The development will sit beneath St Giles Hotel. Photograph: Ethan Doyle White / Wikicommons

An underground hotel with 187 bedrooms can open near the British Museum.

Developers Central London Investments won planning permission for a revised scheme for the subterranean hotel in a former car park in Bloomsbury.

It will see more hotel accommodation beneath the unconnected 730-bedroom St Giles Hotel and the YMCA gym on Great Russell Street.

The new hotel in the Brutalist 20th-century building will use the ground floor and two basement levels.

The scheme attracted 13 objections, with some nearby residents concerned about noise from service vehicles and waste collection.

A previous application in 2016 for 166 rooms was approved by Camden planning committee.

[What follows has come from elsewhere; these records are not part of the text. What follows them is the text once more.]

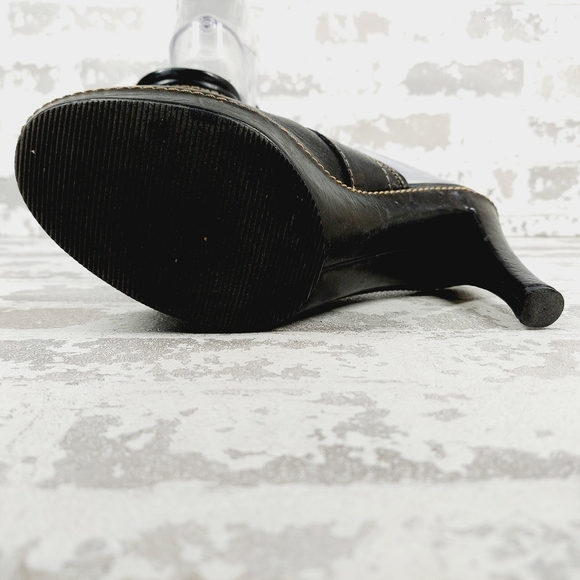 Coach Black Leather Slip On Gold Buckle Detail Heeled Mule Clogs M68 - Picture 8 of 14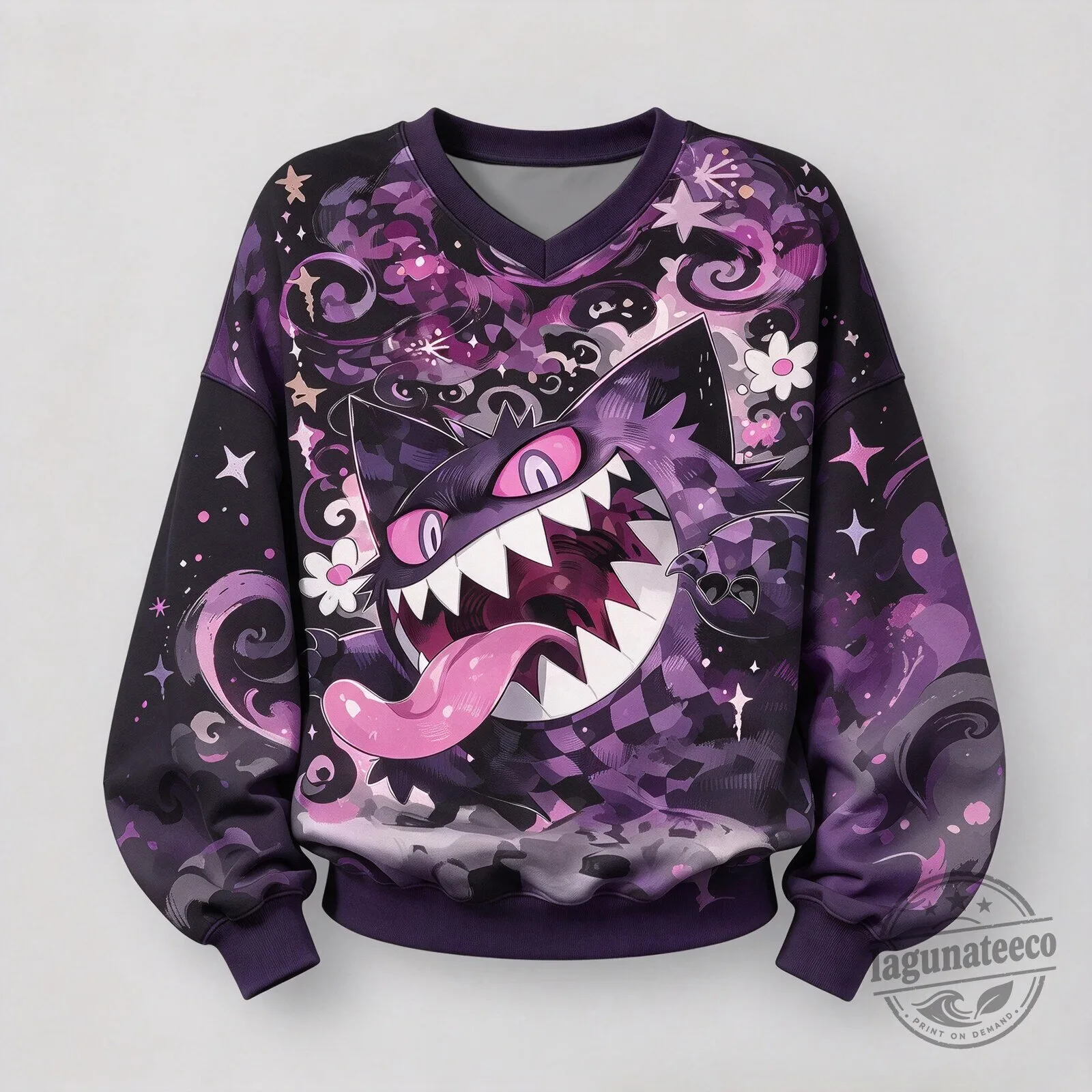 Gengar Pokémon Anime Character Purple V-Neck Sweatshirt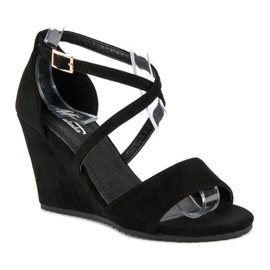 Black suede sandals 1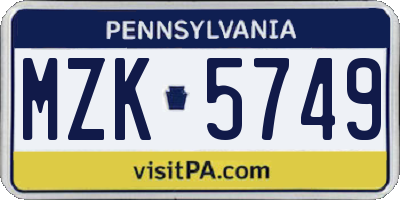 PA license plate MZK5749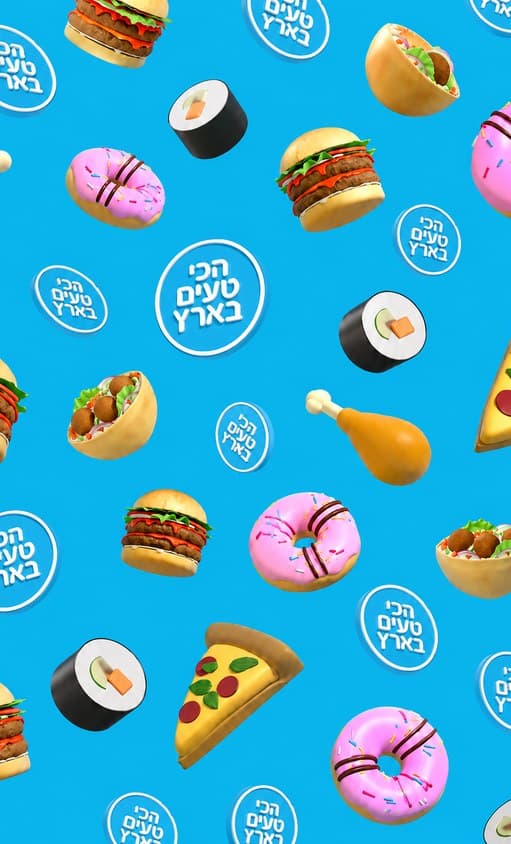 The campaign's 3D food and sticker pattern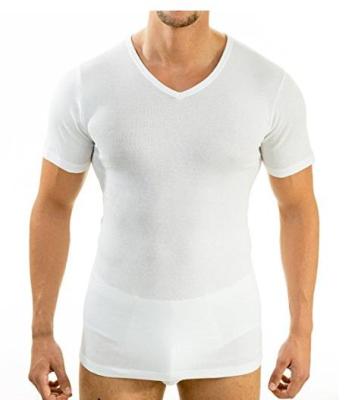 China Anti-wrinkle men refine cotton empty pima modal fitness sport knit compression V-neck T-shirt quick dry knit for sale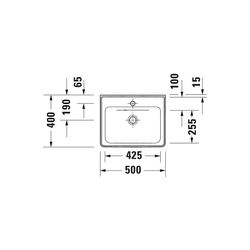 Duravit D-Neo Handwaschbecken 400x500x150mm, Weiß Hochglanz, Rechteckig, 1 Waschpla... DURAVIT-0742500060 4063382167231 (Abb. 1)
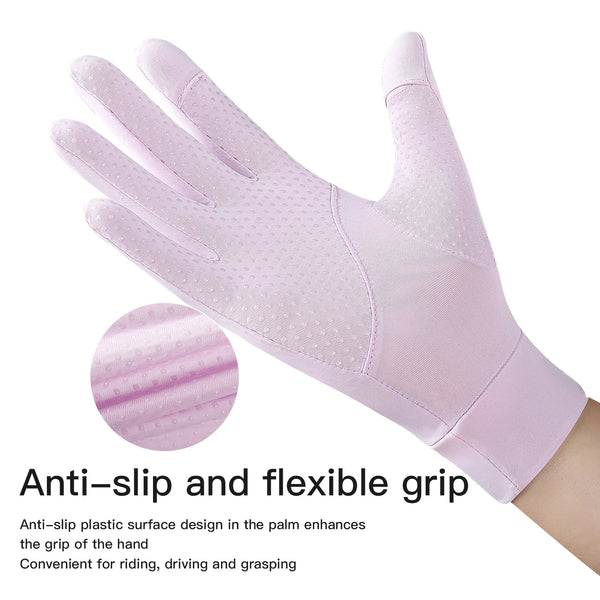 Cycling UV resistant thin breathable silicone anti slip touch screen sunscreen ice silk gloves
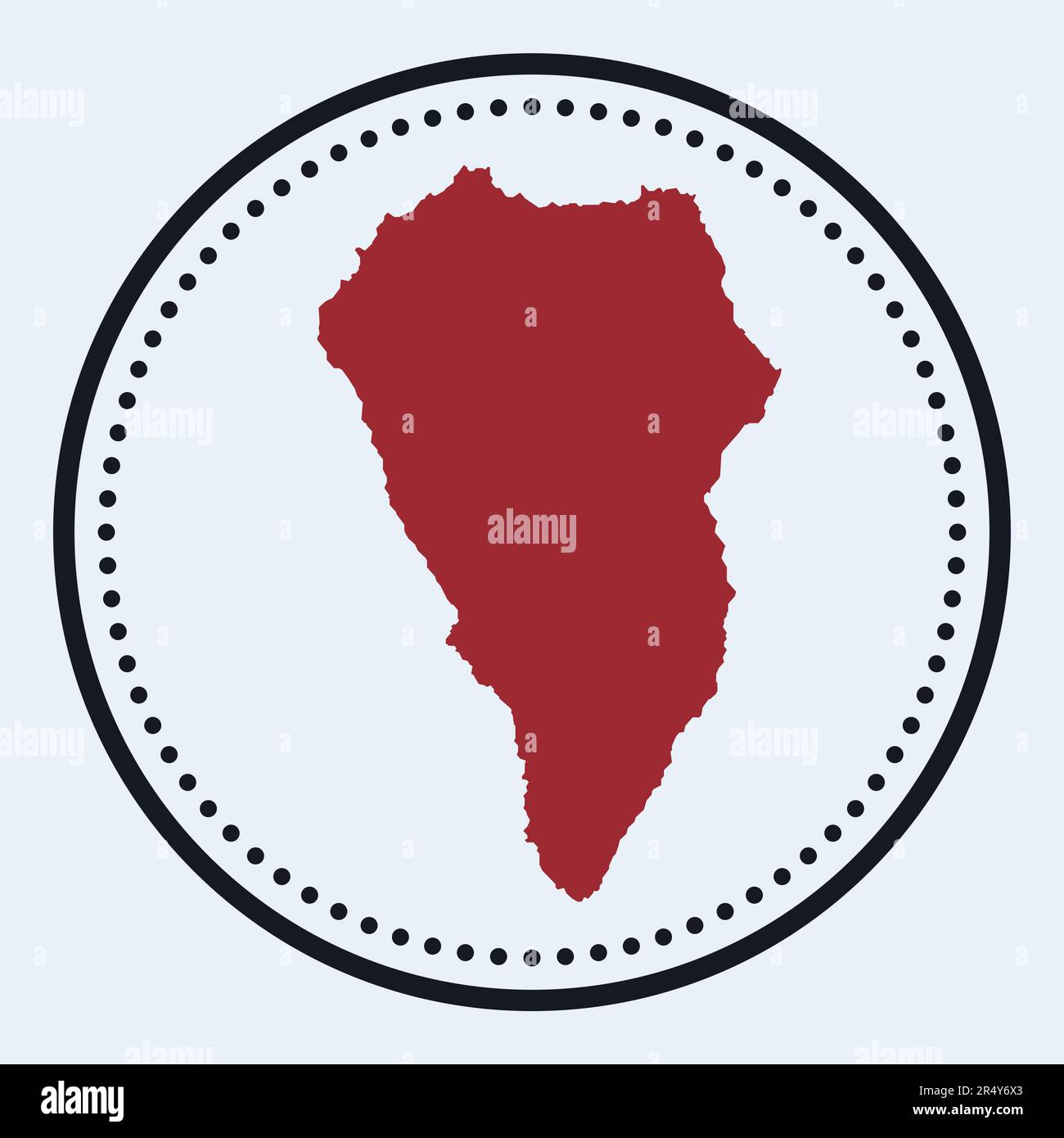 La Palma round stamp. Round logo with island map and title. Stylish minimal La Palma badge with map. Vector illustration. Stock Vector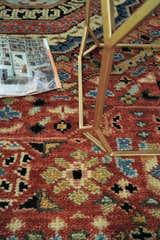 Hand Knotted Traditional Kazak Medallion Rust and Black Multi Size wool Area Rug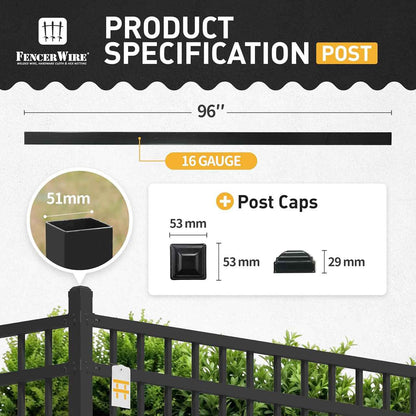16 Gauge Heavy Duty 8FT Outdoor Steel Flat Top Fencing Border Post, Multiple Options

The developers later asked to increase this to 207 rooms but were rejected in 2022 over concerns about “poor quality visitor accommodation” and insufficient space for back-of-house services.

Roger Wilson from the Bloomsbury Association told councillors that residents are concerned about the increase in rooms and said there would be more noise, more waste, and extra deliveries for the vending machines.

The council said just one delivery vehicle a week was expected “for guest amenities”.

Wilson said the waste storage area at street level would be too small for the hotel.

He said: “This is really overdevelopment.”

A planning report said waste will only be put out at collection times.

Wilson also raised concerns about evacuation if there was a fire.

He said the thought of evacuating hundreds of people at 3am “trying to get out from under ground scares me rigid”.

He said the lessons of the Grenfell fire tragedy must be learned.

The council said the fire statement was drawn up by fire engineers and will be reviewed by building control.

The Bloomsbury Residents Action Group are worried that there is just one lift despite the number of rooms increasing, and fear the impact of service at street level.

The applicant said it is signing up to the “highest level of lift protection” with rapid call-outs and pointed out that there is a ramp that can be used to evacuate wheelchair users.

It plans to “respect nearby residential neighbours” and has worked with then over an operational management plan and amended the scheme because of the council’s concerns.